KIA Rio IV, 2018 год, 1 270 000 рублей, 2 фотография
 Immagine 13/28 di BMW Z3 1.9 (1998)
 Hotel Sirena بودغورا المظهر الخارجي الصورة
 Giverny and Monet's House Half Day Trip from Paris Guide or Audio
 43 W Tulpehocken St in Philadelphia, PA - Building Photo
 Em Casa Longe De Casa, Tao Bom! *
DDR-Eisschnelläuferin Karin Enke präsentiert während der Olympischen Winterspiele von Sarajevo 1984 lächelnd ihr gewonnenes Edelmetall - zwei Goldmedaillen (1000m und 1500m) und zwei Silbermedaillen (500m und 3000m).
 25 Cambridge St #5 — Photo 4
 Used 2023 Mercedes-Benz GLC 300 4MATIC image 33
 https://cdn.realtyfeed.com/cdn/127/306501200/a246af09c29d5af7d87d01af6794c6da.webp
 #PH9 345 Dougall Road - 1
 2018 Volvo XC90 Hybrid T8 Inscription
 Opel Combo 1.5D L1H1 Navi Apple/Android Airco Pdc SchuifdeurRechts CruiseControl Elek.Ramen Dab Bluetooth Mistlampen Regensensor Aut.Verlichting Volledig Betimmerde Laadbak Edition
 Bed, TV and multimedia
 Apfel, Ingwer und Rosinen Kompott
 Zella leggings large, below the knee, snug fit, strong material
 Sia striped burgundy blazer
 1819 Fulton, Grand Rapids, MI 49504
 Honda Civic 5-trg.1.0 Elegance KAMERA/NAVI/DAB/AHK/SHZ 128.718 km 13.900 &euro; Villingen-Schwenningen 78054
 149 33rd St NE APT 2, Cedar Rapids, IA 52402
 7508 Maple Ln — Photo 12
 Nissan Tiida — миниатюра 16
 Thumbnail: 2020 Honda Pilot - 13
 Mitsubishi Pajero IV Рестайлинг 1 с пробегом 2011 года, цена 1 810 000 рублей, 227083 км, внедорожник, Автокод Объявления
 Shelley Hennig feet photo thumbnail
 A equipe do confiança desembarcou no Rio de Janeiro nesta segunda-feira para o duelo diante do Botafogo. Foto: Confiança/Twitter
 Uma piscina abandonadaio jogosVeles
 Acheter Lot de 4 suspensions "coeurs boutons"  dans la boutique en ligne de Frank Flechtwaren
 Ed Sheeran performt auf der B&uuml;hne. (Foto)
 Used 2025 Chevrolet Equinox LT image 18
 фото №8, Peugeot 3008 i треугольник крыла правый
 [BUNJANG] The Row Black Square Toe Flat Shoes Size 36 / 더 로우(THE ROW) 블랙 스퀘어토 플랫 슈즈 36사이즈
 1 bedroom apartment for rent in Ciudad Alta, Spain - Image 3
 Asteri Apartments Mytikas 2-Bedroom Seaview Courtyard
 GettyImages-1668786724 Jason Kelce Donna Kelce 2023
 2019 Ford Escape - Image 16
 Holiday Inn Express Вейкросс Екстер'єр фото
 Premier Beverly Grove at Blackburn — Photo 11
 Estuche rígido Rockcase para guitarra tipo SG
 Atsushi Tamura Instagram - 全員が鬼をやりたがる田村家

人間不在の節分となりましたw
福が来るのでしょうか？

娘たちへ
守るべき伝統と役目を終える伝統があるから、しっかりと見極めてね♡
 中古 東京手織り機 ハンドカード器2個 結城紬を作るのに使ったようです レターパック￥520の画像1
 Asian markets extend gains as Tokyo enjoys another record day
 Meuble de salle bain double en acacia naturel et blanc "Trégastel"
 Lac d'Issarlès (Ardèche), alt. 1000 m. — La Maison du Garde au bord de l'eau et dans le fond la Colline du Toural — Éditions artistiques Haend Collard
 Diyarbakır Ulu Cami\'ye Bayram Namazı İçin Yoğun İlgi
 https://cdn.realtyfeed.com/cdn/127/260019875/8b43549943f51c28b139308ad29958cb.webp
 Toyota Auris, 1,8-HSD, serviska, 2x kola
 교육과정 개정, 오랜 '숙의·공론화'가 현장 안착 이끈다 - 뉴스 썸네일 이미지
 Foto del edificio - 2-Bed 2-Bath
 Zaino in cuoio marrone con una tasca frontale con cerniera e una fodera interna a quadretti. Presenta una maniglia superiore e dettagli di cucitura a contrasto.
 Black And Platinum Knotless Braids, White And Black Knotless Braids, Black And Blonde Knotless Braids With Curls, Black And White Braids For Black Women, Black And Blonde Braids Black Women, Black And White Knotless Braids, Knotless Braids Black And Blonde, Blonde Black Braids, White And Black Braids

+-------+

Working from the data above, extract solely the lines from the one containing "Ed Sheeran performt" through the one containing "[BUNJANG] The Row", exactly as they appear, both included.

# [Solution]
 Ed Sheeran performt auf der B&uuml;hne. (Foto)
 Used 2025 Chevrolet Equinox LT image 18
 фото №8, Peugeot 3008 i треугольник крыла правый
 [BUNJANG] The Row Black Square Toe Flat Shoes Size 36 / 더 로우(THE ROW) 블랙 스퀘어토 플랫 슈즈 36사이즈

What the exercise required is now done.